No such luck. It doesn’t seem as if King lost his street because he was a sexual predator, just because more Kansas City voters than not thought the old name shouldn’t have been changed in the first place
Steve-O-From NJ, however, does seem to be right about double standards where honors are concerned.
Here is his Comment of The Day on #4, the Kansas City Street Name Battle, in the post, “Evening Ethics Update, 11/7/2019: Dr. King Is Un-honored, Virginian Republicans Are Non-Functional, Fox News Is Pro-Darkness, And Joy Behar Is Still An Idiot”…
[Incidentally, has anyone read any hint of acknowledgment from the U.S. media, African-American groups or the NAACP that Garrow’s information raises a question about the propriety of honoring Dr. King? Neither have I….]
After two years of statue-toppling and other attempts to erase history, it should come as no surprise that eventually someone should suggest yanking something down dedicated to some darling of the left. The fact is that no city is REQUIRED to have a street named for King, nor is any citizen REQUIRED to honor him. In fact, as has been pointed out here, MLK was far from a saint in life, particularly with regard to his poor treatment of women. There is enough reason to criticize him to justify questioning why he should be honored at all, particularly in light of the current attacks on other (much more significant and influential) historical figures such as Columbus and Jefferson.
Of course the Left, and the black community in particular, doesn’t see it that way. If you’re lucky, they’ll just give you a non-answer, to the effect of the one is nothing like the other. If not, they’ll accuse you of being a racist, not because you said something affirmatively racist, but because you failed to give what they believe is proper deference to one of their icons.
I think this ties in with the posts I have made in the past about how the Left wants a monopoly on honor. They want to be able to dictate who can be honored, what can be honored, and where, when and how any honoring can be done. They also want to be able to dictate who and what cannot be honored, who and what must not be honored, and where, when and how honoring is not allowed to be done. What is more, they want to be allowed exclusive use of certain arguments for and against honoring. If someone yanks down a street sign for MLK because mailing has become confusing or renames Medgar Evers Park because the demographics of the area have changed, that’s considered racist.
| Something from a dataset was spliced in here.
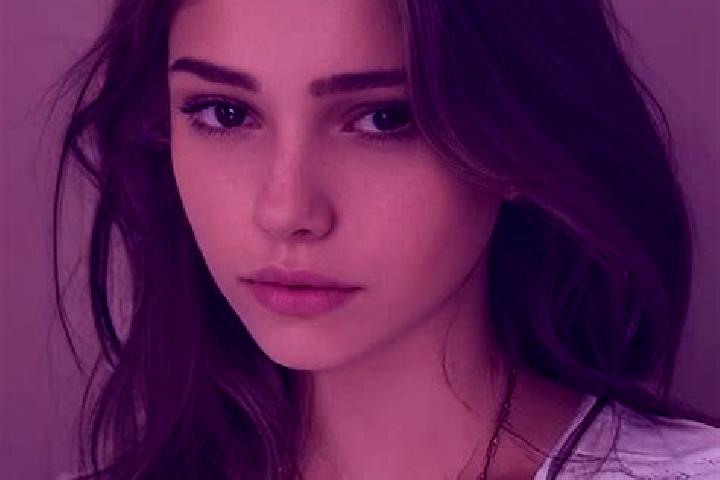 Emily, 29, a chestnut grey-eyed slavic companion based in Svalsta. Offering 69, A-Level, OWO. Available for incall and outcall, overnight bookings available.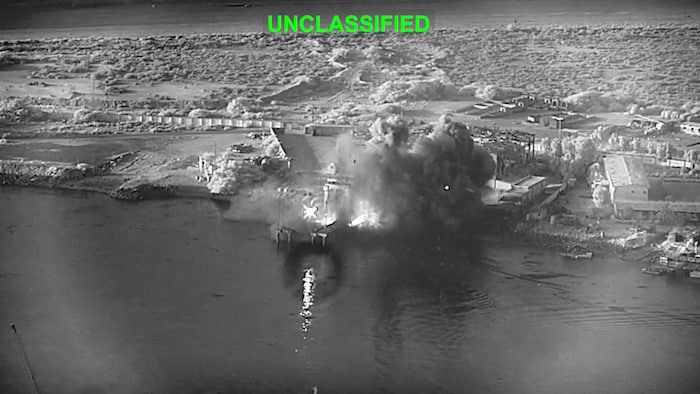 Une image en noir et blanc montre une explosion.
If someone took down a similar street sign once put up for RFK or renamed De Valera Park for the same reasons those actions would be encouraged, and anyone who challenged them would be told to get with the program.
The thought, I believe, is that any renaming, changing, etc. that displaces white for color or majority for minority is to be encouraged. The reverse is considered racist. There is also an unspoken thought that any new naming, etc. that promotes someone or something of European descent, especially involving men, is passe’ and represents a lack of outside the box or imaginative thinking on the part of the namer. There is a much more open thought, probably first given organized articulation by Howard Zinn, that American men of European descent have lost the privilege of being honored because they have caused nothing but misery for women and people of color from the moment they landed on this continent.
What’s more, they lump all of Europe, a continent of 44 nations, 87 ethnicities, 200+ languages (including at least 2 that are nothing like any other), and 2 dozen or more faiths into one classification: white. It doesn’t matter that many of those Europeans had plenty difficult times of their own when they first arrived, white is white is white, whether it be a Lutheran from Sweden, a Catholic from Italy, or an Orthodox person from Greece. They’re part of the majority that did all these horrible things, and what’s to honor about that? If anything, that majority needs to be shamed.
That’s why there was a huge brouhaha in Jersey City recently about a monument to the victims of the Katyn Forest Massacre. The local government and developers wanted to move the (admittedly somewhat jarring) monument to where it would be less prominent. The Polish-American community objected rather vociferously. Finally the powers-that-be relented, but the general consensus seemed to be “Good grief, what is the big deal? It’s only a monument to a bunch of European officers, can’t these people get over it?”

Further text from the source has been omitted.